GNOME Bugzilla – Bug 522772
Content-Encoding support
Last modified: 2010-03-04 00:34:29 UTC
libsoup should support "Content-Encoding: deflate" and "Content-Encoding: gzip". Client-side: - Have a flag like SOUP_SESSION_DO_CONTENT_ENCODING, that tells the session to automatically decode encoded responses. (Can't do this automatically; it would mess up apps that are currently doing it by hand.) - How does this interact with soup_message_set_chunk_allocator()? (We need to return the data to the caller in the buffers it has allocated. So this means one of: (a) we allocate our own buffers for reading and then decode into the app-provided buffers, (b) we read into the app-provided buffers and then try to decode in place, using as little temporary memory as possible, or (c) we ask the app for extra buffers, and read into some and decode into others.) - Maybe expose the encoding/decoding code in the public API so that apps can easily do it by hand in cases where our API doesn't work for them? Server-side: - Allow server to either *declare* a Content-Encoding ("this content is already compressed") or *request* it ("i'd like this content to be compressed before sending"). The latter is sometimes used in web services. Someday (maybe not right away), it might be nice to be able to plug in additional content-coding types. It might also be useful to support the corresponding Transfer-Encodings, although since they are not widely used (not at all used?) this isn't as important.
some work on this has been done on the content-coding branch of http://gnome.org/~danw/libsoup.git (though it's also a little bit mixed in with some thoughts about "I/O filters" as discussed in http://live.gnome.org/LibSoup/ToDo)
(In reply to comment #0) > - Have a flag like SOUP_SESSION_DO_CONTENT_ENCODING, that tells the > session to automatically decode encoded responses. (Can't do this > automatically; it would mess up apps that are currently doing it by > hand.) Well, it should be a feature, not a flag, and it should be included in the SOUP_TYPE_GNOME_FEATURES_2_28 metafeature. I'm thinking that individual encodings should also be features, and the overall encoding feature would use soup_session_get_features() to find all the other SOUP_TYPE_ENCODING features attached to the session. So then if someone starts standardizing a bzip2 or 7zip or whatever encoding some day, people can implement it themselves and attach it as a feature, without having to wait for a new libsoup release. (Or maybe it would be something that would never even make it into libsoup.) > - How does this interact with soup_message_set_chunk_allocator()? (a) is probably the correct answer. (Read into our own buffers and decode into app-provided buffers.) > Server-side: > > - Allow server to either *declare* a Content-Encoding ("this content is > already compressed") or *request* it ("i'd like this content to be > compressed before sending"). The latter is sometimes used in web > services. The former could possibly just be: soup_message_headers_append (msg->response_headers, "Content-Encoding", "gzip"); We don't currently have "features" on SoupServer, though there's a server-features branch in git.

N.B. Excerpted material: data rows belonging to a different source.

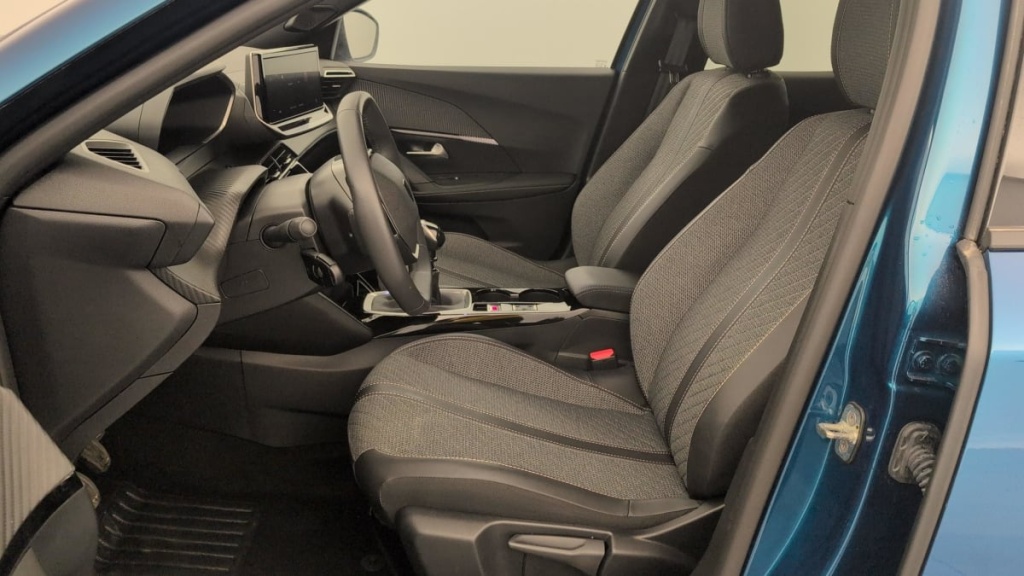 PEUGEOT 2008 100 S S BVM6 Allure - ref: 1-390187 - Photo 16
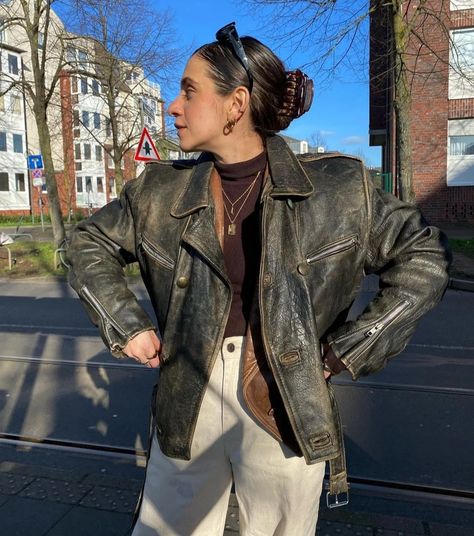 Faded Leather Jacket Outfit, Black Leather Jacket Outfit, Uni Fashion, Leather Jacket Outfit, Leather Fits, Vintage Effect, Leather Jacket Outfits, Jacket Outfit, Vintage Leather Jacket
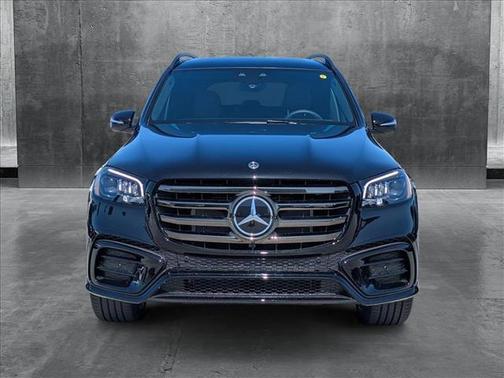 2025 Mercedes-Benz GLS 450 4MATIC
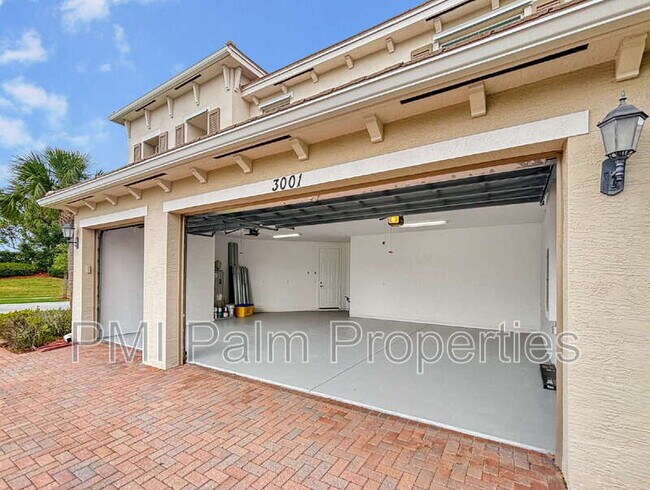 Building Photo - 3001 Strada Court
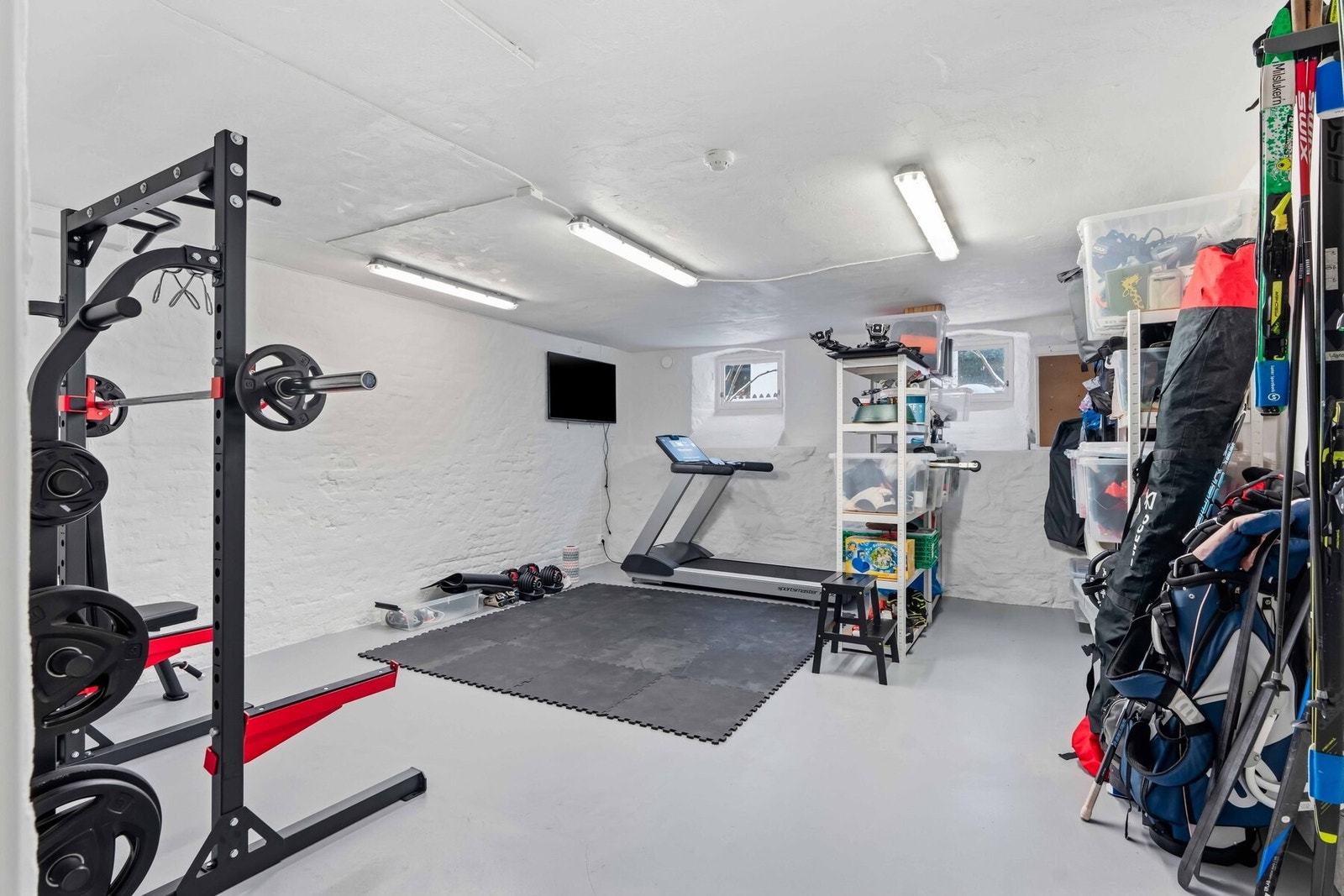 Seksjonen disponerer flere boder. Dette omfatter innvendig bod på ca. 2,9 kvm, bod utenfor inngangsdøren til leiligheten på ca. 2 kvm, utvendig bod på terrasse på ca. 6,8 kvm samt kjellerbod innredet som trimrom på ca. 28 kvm. Galleribilde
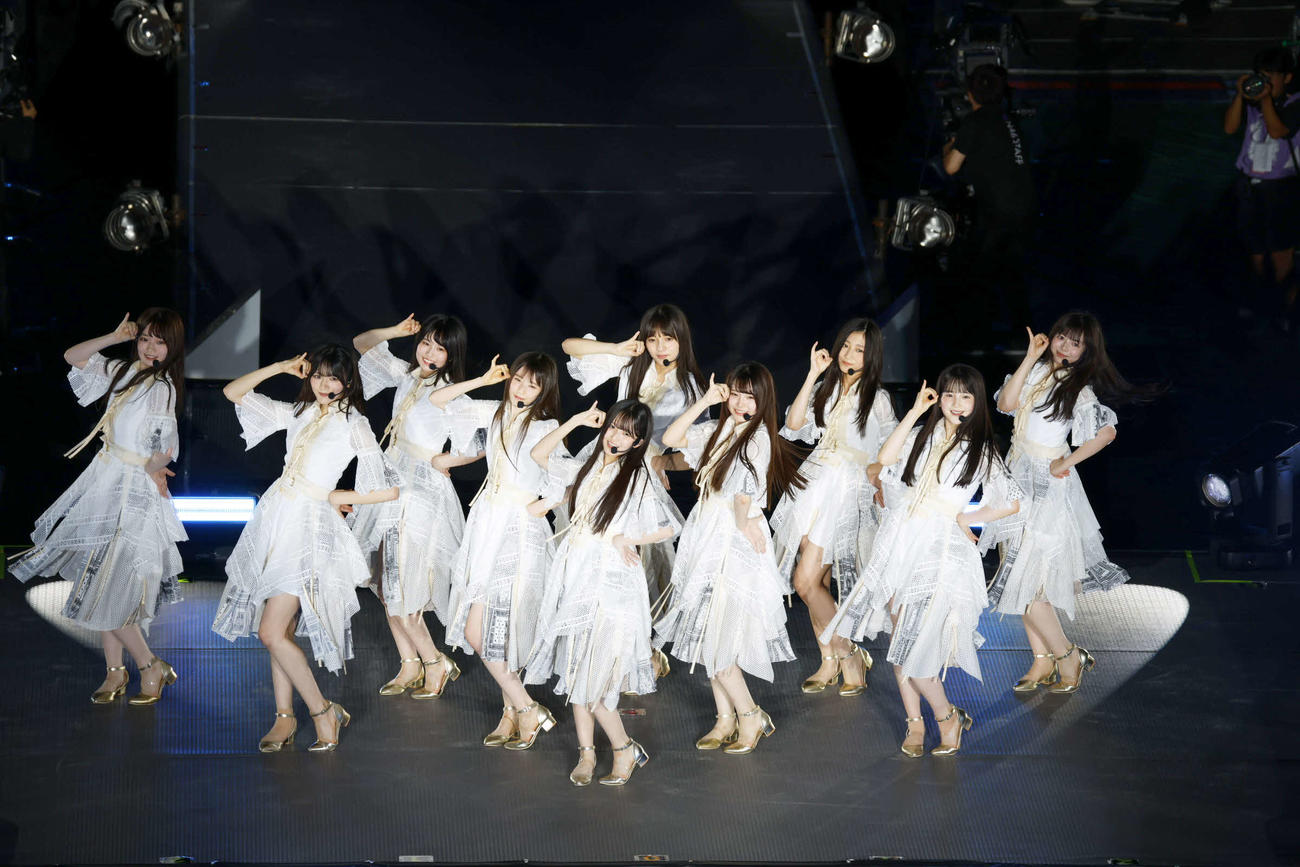 「真夏の全国ツアー2025」千秋楽公演でパフォーマンスする乃木坂46の6期生　（C）鈴木健太（KENTA Inc．）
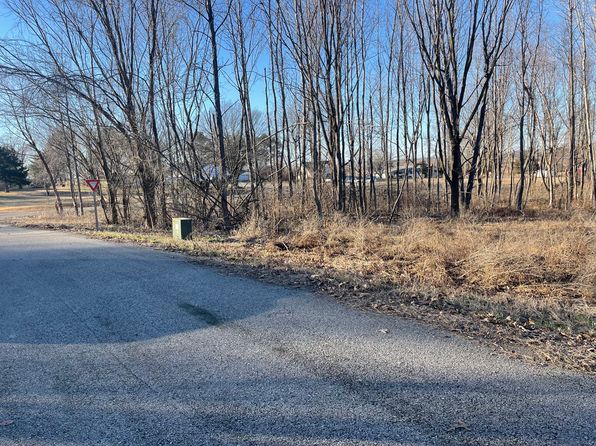 Lots 5 10 Tamarak Ln, Dexter, MO 63841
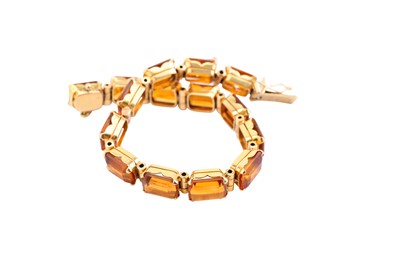 Lot 8 - A citrine bracelet, by H. Stern, The...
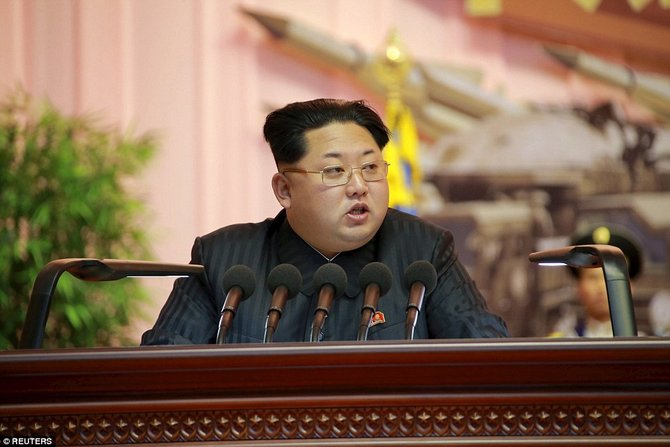 kim jong un saat berpidato di depan tentara rakyat korut di pyongyang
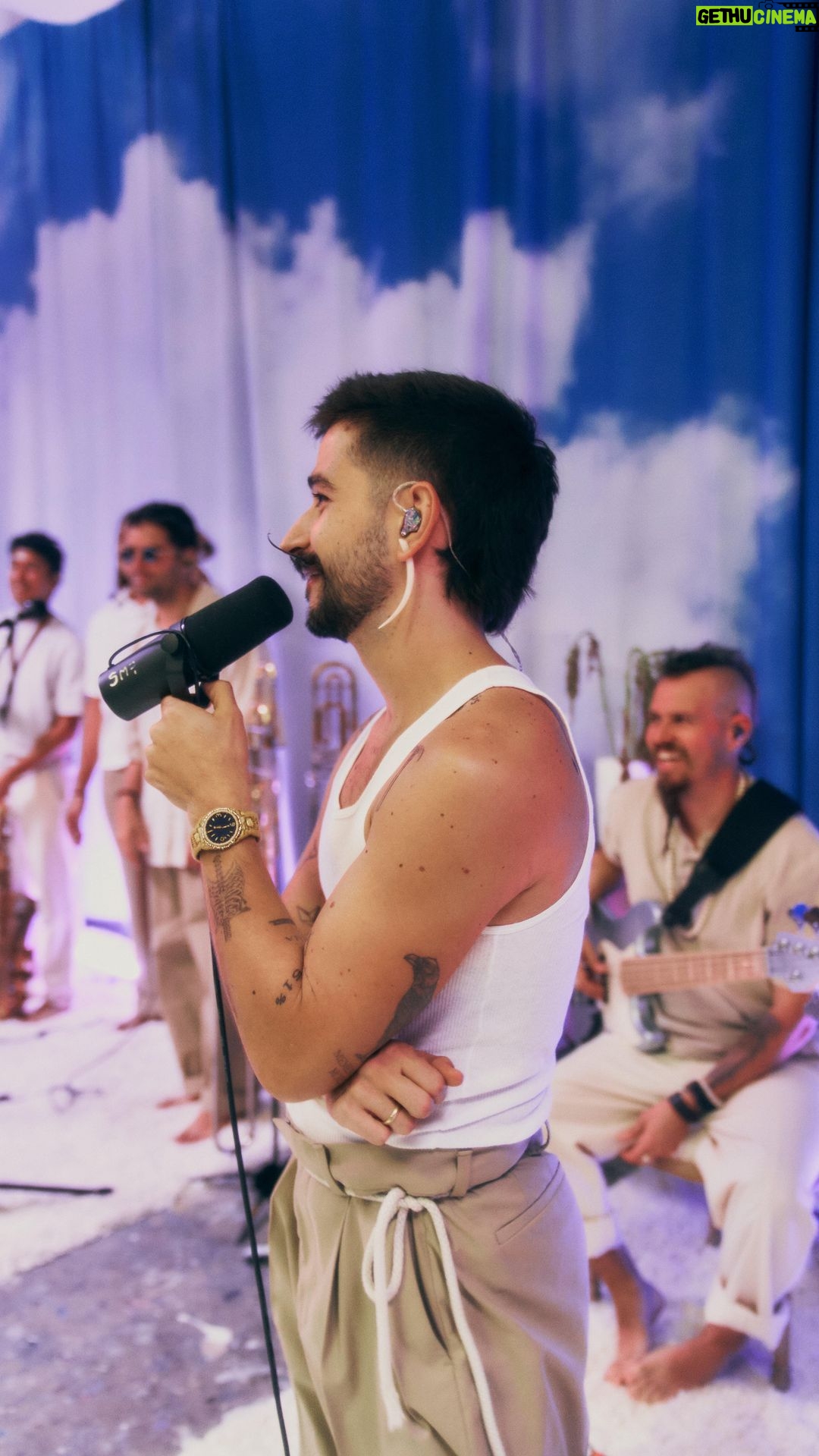 Camilo Instagram - Amo todos los videos que han hecho cantando y bailando PLIS, No Se Vale y Gordo! Quería contarles un poco de lo que pasó durante las grabaciones. Sabían que grabamos en vivo, en bloque las 3 canciones? Nos juntamos con un montón de gente muy talentosa en ETC. Un sueño cumplido ☁️ Link en mi bio para ver y escuchar todo de “un” 💿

i was googled a bit, and found that in old 2004 somebody already made a patch for libsoup. Like author says "It includes both encoding and decoding messages with the gzip, deflate, and bzip2 algorithms, and can support layered Content-Encodings if called upon to do so." I checked a patch and API of old soup is different, but probably a lot can be reused from it. URL: http://mail.gnome.org/archives/evolution-hackers/2004-October/msg00159.html
(In reply to comment #3) > i was googled a bit, and found that in old 2004 somebody already made a patch > for libsoup. Yeah, I'd seen that before. I forget the details and what it was that I didn't like about it. At any rate, the code already in the content-coding branch does everything that patch had done.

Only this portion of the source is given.